Given some observed data $$x$$, the posterior probability that the paramater $$\Theta$$ has the value $$\theta$$ is $$p(\theta \mid x) = p(x \mid \theta) p (\theta) / p(x)$$, where $$p(x \mid \theta)$$ is the likelihood, $$p(\theta)$$ is the prior probability of the value $$\theta$$, and $$p(x)$$ is the marginal probability of the value $$x$$.

Is there any special reason why we call $$p(x)$$ the "marginal probability"? What is "marginal" about it?

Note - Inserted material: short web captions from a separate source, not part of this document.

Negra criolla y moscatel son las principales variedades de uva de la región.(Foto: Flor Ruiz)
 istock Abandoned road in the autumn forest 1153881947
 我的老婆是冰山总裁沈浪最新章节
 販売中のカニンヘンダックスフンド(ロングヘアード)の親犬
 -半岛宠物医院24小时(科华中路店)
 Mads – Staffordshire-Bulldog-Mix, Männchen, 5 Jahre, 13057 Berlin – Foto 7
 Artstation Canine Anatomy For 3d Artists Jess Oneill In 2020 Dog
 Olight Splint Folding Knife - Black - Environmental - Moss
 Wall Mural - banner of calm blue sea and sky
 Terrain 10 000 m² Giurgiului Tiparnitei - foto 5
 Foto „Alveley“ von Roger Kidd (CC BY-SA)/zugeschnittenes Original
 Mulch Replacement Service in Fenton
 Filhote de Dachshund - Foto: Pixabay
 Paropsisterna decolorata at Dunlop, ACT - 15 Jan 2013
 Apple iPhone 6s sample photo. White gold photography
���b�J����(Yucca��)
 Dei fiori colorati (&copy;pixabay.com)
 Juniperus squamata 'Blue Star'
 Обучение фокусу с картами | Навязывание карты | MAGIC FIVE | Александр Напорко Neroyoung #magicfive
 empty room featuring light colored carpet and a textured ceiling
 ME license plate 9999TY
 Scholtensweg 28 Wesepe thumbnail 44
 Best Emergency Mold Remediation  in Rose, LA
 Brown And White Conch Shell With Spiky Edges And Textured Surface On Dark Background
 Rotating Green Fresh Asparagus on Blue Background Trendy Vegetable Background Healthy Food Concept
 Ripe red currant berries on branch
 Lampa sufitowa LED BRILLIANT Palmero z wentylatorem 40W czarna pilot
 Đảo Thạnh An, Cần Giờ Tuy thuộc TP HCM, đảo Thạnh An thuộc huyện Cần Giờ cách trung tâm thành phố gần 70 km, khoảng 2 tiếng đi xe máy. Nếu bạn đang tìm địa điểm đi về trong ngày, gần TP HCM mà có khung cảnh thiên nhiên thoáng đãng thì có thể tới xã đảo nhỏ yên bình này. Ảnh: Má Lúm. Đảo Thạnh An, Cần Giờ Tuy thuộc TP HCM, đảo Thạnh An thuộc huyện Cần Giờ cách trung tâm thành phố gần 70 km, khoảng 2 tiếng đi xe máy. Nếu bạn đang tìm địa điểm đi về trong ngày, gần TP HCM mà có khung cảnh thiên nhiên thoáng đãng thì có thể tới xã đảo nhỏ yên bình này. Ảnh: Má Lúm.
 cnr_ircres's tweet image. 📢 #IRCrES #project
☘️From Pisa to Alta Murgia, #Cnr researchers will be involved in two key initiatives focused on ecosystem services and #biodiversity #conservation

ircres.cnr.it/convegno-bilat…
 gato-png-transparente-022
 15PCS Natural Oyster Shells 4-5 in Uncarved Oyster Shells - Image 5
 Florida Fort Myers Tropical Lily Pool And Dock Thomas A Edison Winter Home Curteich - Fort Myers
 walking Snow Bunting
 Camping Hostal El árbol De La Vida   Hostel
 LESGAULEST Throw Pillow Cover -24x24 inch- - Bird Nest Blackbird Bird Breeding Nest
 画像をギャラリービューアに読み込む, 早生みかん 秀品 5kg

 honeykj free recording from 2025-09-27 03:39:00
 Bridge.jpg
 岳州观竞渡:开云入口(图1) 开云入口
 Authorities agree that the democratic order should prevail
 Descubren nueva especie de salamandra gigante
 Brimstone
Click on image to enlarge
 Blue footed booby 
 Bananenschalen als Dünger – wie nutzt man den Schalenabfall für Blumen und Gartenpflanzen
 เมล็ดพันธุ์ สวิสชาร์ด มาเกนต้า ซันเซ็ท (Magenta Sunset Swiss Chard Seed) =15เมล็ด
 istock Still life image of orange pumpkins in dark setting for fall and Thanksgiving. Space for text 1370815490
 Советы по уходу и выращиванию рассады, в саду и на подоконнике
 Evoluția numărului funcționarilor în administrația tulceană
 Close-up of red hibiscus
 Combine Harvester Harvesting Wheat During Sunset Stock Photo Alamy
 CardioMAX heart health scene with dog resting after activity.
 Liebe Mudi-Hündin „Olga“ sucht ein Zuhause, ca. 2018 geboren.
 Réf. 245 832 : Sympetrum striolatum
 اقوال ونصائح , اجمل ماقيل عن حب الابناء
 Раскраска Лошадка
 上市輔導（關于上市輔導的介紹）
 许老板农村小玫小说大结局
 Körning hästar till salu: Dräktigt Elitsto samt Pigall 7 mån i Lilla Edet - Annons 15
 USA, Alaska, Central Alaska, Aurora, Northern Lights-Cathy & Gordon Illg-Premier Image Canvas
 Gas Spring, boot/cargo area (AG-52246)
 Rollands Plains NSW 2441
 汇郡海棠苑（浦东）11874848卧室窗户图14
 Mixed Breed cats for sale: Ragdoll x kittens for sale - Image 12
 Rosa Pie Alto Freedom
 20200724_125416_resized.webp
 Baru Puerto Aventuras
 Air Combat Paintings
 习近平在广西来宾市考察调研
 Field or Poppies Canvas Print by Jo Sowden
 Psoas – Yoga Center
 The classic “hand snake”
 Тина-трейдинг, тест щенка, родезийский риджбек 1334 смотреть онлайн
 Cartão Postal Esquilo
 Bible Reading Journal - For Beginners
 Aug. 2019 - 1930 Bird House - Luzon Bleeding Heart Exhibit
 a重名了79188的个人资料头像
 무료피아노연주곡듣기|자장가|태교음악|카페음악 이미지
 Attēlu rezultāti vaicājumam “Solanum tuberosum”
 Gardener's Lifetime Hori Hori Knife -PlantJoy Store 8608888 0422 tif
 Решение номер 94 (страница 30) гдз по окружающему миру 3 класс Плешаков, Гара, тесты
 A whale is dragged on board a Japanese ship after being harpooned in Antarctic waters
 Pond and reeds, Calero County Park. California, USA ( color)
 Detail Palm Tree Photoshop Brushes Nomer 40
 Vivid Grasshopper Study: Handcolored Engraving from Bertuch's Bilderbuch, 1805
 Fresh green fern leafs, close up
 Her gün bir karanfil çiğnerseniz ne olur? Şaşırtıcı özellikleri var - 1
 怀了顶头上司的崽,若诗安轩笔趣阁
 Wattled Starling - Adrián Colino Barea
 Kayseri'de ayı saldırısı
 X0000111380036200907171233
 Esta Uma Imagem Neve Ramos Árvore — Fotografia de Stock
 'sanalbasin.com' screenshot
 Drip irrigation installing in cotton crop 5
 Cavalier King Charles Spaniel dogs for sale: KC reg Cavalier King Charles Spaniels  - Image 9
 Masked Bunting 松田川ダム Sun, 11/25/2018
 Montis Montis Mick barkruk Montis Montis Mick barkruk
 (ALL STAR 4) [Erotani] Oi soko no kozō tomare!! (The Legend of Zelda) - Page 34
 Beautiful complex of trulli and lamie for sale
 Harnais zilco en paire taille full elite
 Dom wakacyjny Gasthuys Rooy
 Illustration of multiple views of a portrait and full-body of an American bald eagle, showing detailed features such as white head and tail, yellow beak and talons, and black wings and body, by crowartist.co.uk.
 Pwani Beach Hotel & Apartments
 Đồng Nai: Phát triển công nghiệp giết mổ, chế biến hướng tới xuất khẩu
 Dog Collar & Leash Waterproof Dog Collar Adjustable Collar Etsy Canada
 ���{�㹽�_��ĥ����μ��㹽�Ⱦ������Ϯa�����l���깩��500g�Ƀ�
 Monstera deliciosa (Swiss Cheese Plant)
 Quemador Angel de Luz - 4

• "Marginal" does not mean "barely making the grade" but that the probability has been derived from a joint probability. The numerator is this instance is $p(x\mid \theta)p(\theta) = p(x,\theta)$ which is the joint probability and $p(x)$ (as well as $p(\theta)$) are marginal probabilities of they are derived from $p(x,\theta)$. Jun 26 '15 at 2:40
• "Marginal probability" means the same thing here that it means in other contexts, i.e. "unconditional". (The meaning is context-dependent, since all probabilities are conditional.) $\qquad$ Sep 27 '16 at 7:20

If you consider a joint distribution to be a table of values in columns and rows with there probabilities entered in the cells, then the "marginal distribution" is found by summing the values in the table along rows (or columns) and writing the total in the margins of the table.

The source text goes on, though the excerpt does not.